Les stupides résurgences du nationalisme et des religions ne sont que l’écume dérisoire du vrai danger : l’acquiescement suicidaire au sort qui nous est fait et par lequel une économie en dépérissement nous enjoint de dépérir avec elle.Raoul Vaneigem
Humeurs hérétiques n’est rien de plus qu’une critique ordinaire et partielle de ce monde, dont l’un des chaînons fort est le christianisme. Étant môme, les cours débilitants et soporifiques de catéchisme, l’aube immaculée et ridicule de la communion ou la fréquentation imposée des églises froides et morbides, ont d’emblée fait naître en moi une suspicion affligée à l’égard du message ecclésiastique. Il n’a pas fallu poireauter des lustres pour que la « religion de paix et d’amour » – avec son exaltation de la souffrance, sa haine du corps et des femmes, sa morale sexuelle répressive et son histoire sanguinaire – ne me suscite que dégoût et mépris. Notons qu’au regard de ces critères, il est évident qu’aucune religion, de surcroît monothéiste, ne saurait trouver grâce à mes yeux. Et c’est peu de le dire ! Toutes s’inspirent de fables consternantes, rivalisent d’absolutisme haineux et reposent sur des commandements avariés.

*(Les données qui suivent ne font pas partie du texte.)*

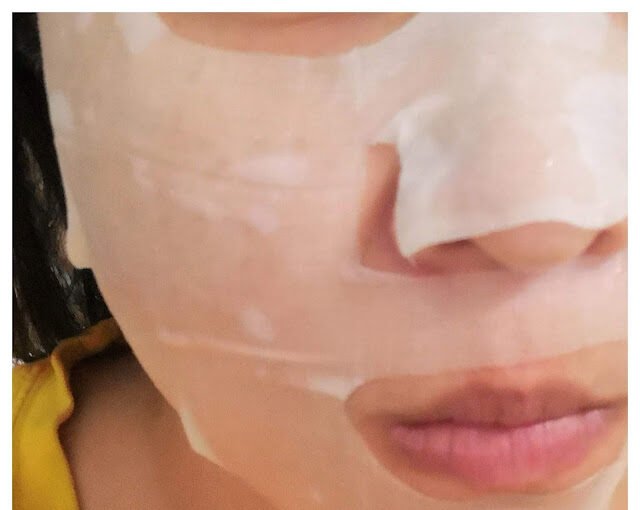 Innisfree Skin Reset Peeling Mask Performance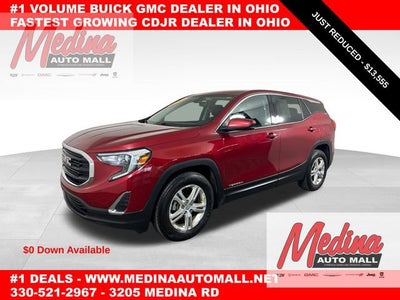 2019 GMC Terrain SLE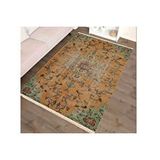 Vivense Vintage Madalyon Desenli Bej Etnik Kilim Dokuma Taban Hali, 324 Yng, 120x180 Cm Çok Renkli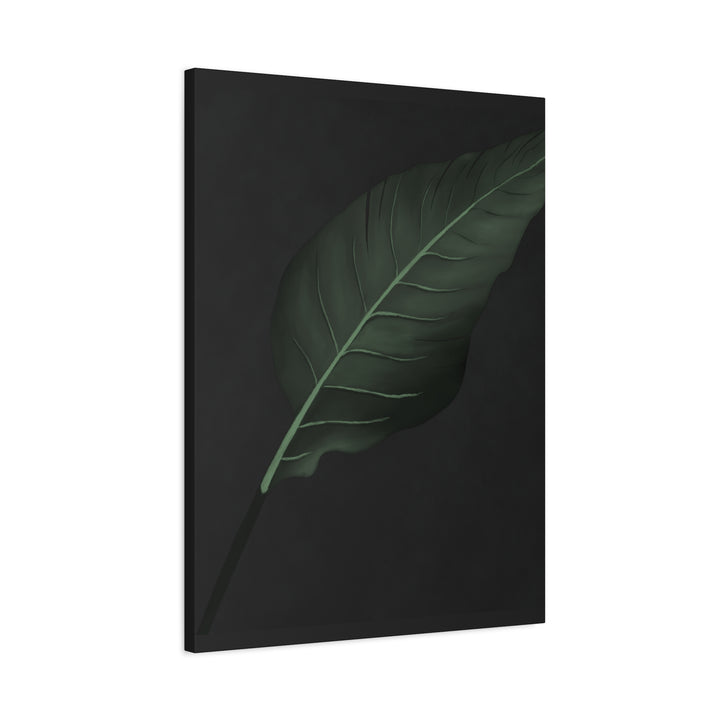 Bird of Paradise Canvas Print – Botanical Wall Art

A l’image de la plupart des chrétiens qui méconnaissent leur religion et son livre sacré, ma perception de l’église était jusqu’alors extrêmement limitée, se bornant pour l’essentiel à un ressentiment viscéral. Une lubie aussi soudaine qu’extravagante (en tout cas pour mes proches) m’a poussé à ouvrir et à lire cette satanée Bible, de fond en comble, histoire de matérialiser et d’affiner la critique du domaine religieux. La Bible, cet ouvrage qui a étrenné l’imprimerie de Gutenberg et qui se présente comme le livre le plus édité et le plus lu au monde, constitue le socle idéologique et culturel sur lequel la civilisation occidentale s’est construite.

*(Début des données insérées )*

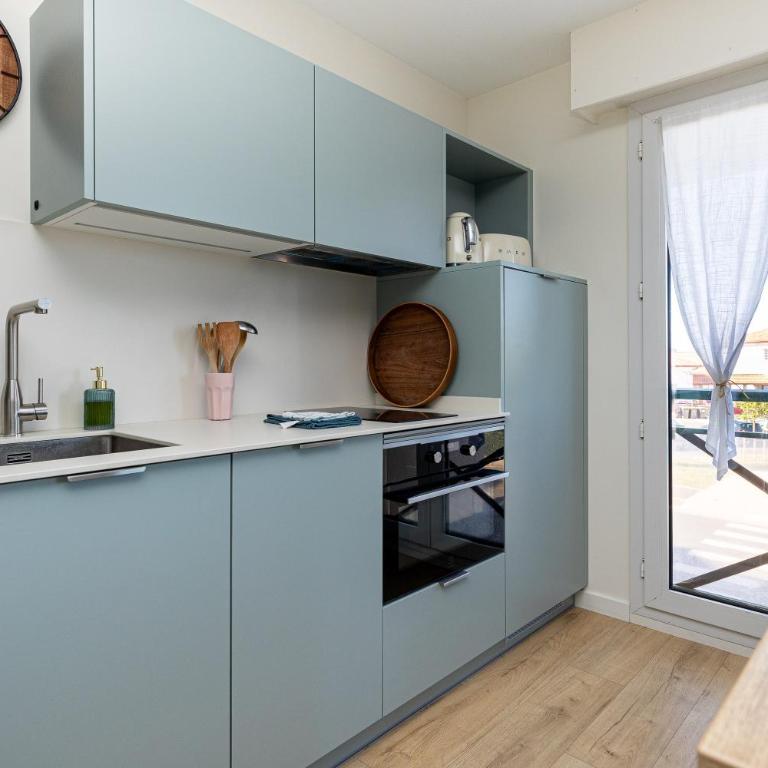 Appart Anglet - Apartment mit 1 Schlafzimmer und Gartenblick - 9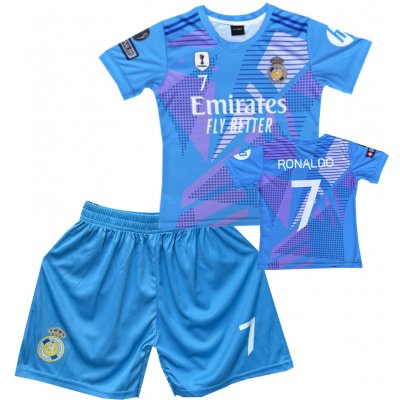 Numberoplus dětský fotbalový dres Komplet Real Madrid Ronaldo CR.07 – Zboží Mobilmania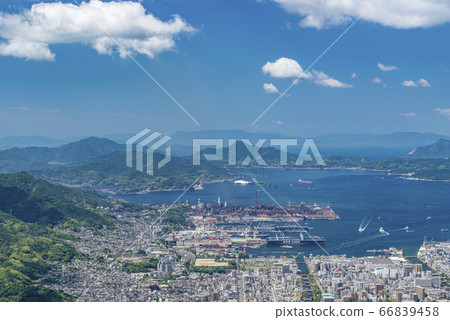 Kure City, Hiroshima Prefecture 66839458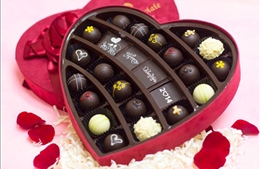 Rộ phong trào chocolate tươi nhập khẩu làm quà Valentine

Se coltiner est le terme à peu près exacte pour qualifier une lecture laborieuse et assommante, s’étalant sur trois mois étouffants. Trois longs mois à s’user les mirettes sur de petits caractères, à blasphémer contre les désagréments du papier fin et à soupirer devant des textes mortellement ennuyeux, autant à cause d’un style fadasse et pompeux, que par l’inintérêt d’un propos métaphysique et pathétique. À force de persévérance et d’un brin de masochisme, j’ai résisté aux listes généalogiques interminables, supporté la niaiserie des psaumes, serré les dents devant l’abject et survécu aux préceptes sidérants, pour finalement venir à bout des Saintes écritures. Lire et prendre des notes était une chose, mais synthétiser celles-ci pour tenter de les rendre intelligibles en était une autre. Bon an, mal an, cet ultra-condensé biblique – fruit du désir de partager les maigres connaissances en la matière ainsi que les réflexions qui en découlent – a fini par prendre corps et âme dans cette brochure.
La première partie se farcit l’Ancien Testament, qui nous offre le récit mythique, initiant les concepts bancals d’un peuple juif élu par Yahvé, d’un paradis terrestre ou d’un péché originel, à travers les épisodes de la Genèse, de l’Exode, de Noé, de Sodome et autres bondieuseries. Vient ensuite celle sur le Nouveau Testament, hagiographie aberrante au sujet d’un perché déguenillé, qui entend se substituer à son prédécesseur, marquant ainsi son essence antijuive. Pour finir, les Origines du christianisme, de l’an zéro au Ve siècle, de la construction du dogme à son sacre impérial en passant par la chasse des premiers hérétiques, clôture la présente brochure.